Situasi serupa terjadi di ruang eks Hyundai Department Store di D-Cube City, Sindorim, Seoul. Saat mengakuisisi properti tersebut pada tahun 2022, IGIS Asset Management menilai daya saing fasilitas ritel yang ada rendah, sehingga mereka membuat rencana untuk mengubahnya menjadi kantor atau kegunaan lain. Saat ini, proyek untuk mengubah bekas ruang department store menjadi fasilitas gabungan kantor dan ritel sedang berlangsung.

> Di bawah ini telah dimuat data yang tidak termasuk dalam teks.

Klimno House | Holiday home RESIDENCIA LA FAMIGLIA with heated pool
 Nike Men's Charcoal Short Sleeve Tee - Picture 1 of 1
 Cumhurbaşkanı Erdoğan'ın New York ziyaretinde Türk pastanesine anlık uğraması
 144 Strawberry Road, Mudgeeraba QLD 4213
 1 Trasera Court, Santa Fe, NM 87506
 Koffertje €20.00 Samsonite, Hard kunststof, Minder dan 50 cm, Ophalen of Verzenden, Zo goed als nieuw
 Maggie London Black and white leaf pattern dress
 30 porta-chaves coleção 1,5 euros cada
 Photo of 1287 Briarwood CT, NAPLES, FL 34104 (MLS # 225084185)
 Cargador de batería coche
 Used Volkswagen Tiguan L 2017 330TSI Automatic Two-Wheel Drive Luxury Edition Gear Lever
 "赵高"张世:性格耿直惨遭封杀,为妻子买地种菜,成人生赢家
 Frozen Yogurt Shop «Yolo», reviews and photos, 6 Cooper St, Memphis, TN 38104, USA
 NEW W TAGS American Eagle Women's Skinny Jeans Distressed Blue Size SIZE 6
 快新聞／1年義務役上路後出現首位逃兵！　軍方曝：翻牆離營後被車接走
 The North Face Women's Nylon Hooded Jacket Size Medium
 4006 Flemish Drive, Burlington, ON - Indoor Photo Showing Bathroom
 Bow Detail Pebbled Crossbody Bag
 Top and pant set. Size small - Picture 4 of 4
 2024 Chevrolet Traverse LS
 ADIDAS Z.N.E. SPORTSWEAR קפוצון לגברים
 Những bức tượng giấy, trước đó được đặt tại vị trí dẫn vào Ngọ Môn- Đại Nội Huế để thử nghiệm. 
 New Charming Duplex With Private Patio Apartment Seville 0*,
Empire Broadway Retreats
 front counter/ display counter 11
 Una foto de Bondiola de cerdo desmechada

Jika di cabang Bundang dan D-Cube City mereka memanfaatkan luas lantai dan tinggi langit-langit gedung department store untuk mendaur ulangnya menjadi kantor dan fasilitas komersial, pendekatan untuk cabang Mia berbeda. Rencana yang sedang dipertimbangkan adalah merobohkan gedung sepenuhnya dan mengembangkannya menjadi fasilitas hunian. Bagi IGIS Asset Management, ini merupakan proyek konversi department store ketiga di mana mereka tidak terikat pada penggunaan awal sebagai department store, melainkan memaksimalkan nilai pengembangan lahan dan lokasinya. Di industri properti, cabang Mia juga terus dinilai memiliki nilai lebih tinggi sebagai lahan pengembangan untuk apartemen atau hunian terpadu dibandingkan nilai operasionalnya sebagai department store.

Artikel ini diterjemahkan secara otomatis oleh AI. Mungkin terdapat perbedaan dengan artikel asli berbahasa Korea.
우종국 기자

기업의 움직임 뒤에 있는 구조와 이해관계를 취재합니다. 드러난 사건보다 그 사건이 벌어진 이유를 설명하는 기사를 쓰고자 합니다.